Os executivos da AlmapBBDO citam o case “Abrigo Amigo”, criado em parceria com a Eletromidia. Nele, a oportunidade de serviço para mulheres que se sentiam inseguras esperando o transporte público à noite foi identificado pela criação e a mídia contribuiu com uma solução tecnológica compatível. A DM9 foi responsável pela campanha de iFood com a ex-­BBB Beatriz Reis, em silêncio. Mas Nina Lucato destaca também o case “The Last Performance”, da agência Special para uma seguradora de vida na Nova Zelândia. “Por meio da criação de um formato de mídia completamente novo, aliado ao entretenimento, conseguiu gerar não só grandes resultados de negócio, mas também rejuvenescer todo um segmento”, aponta a diretora executiva de criação. A ação, em parceria com o seriado The Brokenwood Mysteries, trazia de volta à vida, nos créditos do episódio, o personagem assassinado para prestar um depoimento sobre a importância de ter seguro de vida.

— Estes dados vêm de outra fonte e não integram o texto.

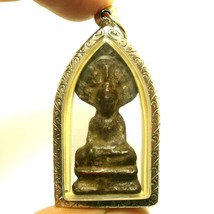 Phra Prokpo Chiangsan Amulet Pendant Buddha Bless Lucky Life Happy Rich Success - £820.55 GBP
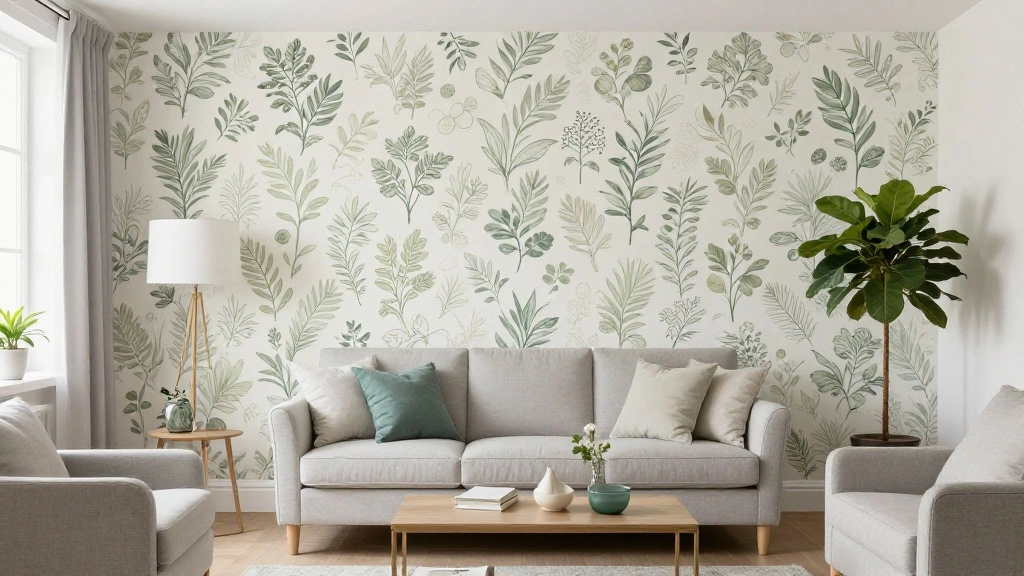How to Install Peel-and-Stick Wallpaper for a Living Room Accent Wall - Mod Nest Decor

A vice-presidente de mídia da BETC, por sua vez, cita “Just Do It”, da Nike, em que a mensagem e a escolha dos canais de distribuição teriam sido essenciais para um sucesso duradouro. Guilherme Cavalcante, head de mídia da W+K SP, concorda: “Em suas campanhas nunca dá para perceber a diferença entre mídia e criação”, afirma, citando Nike. Mas não são apenas campanhas que refletem a dinâmica entre as duas disciplinas. A WMcCann cita a operação de ativar marcas no Big Brother Brasil (BBB) que, essencialmente, exige uma atuação colaborativa. Já a Galeria destaca a criação do Vitrine, hub da agência para mídia exterior. A vertical permitiu uma maior conexão entre as áreas para desenvolver formatos eficientes e criativos.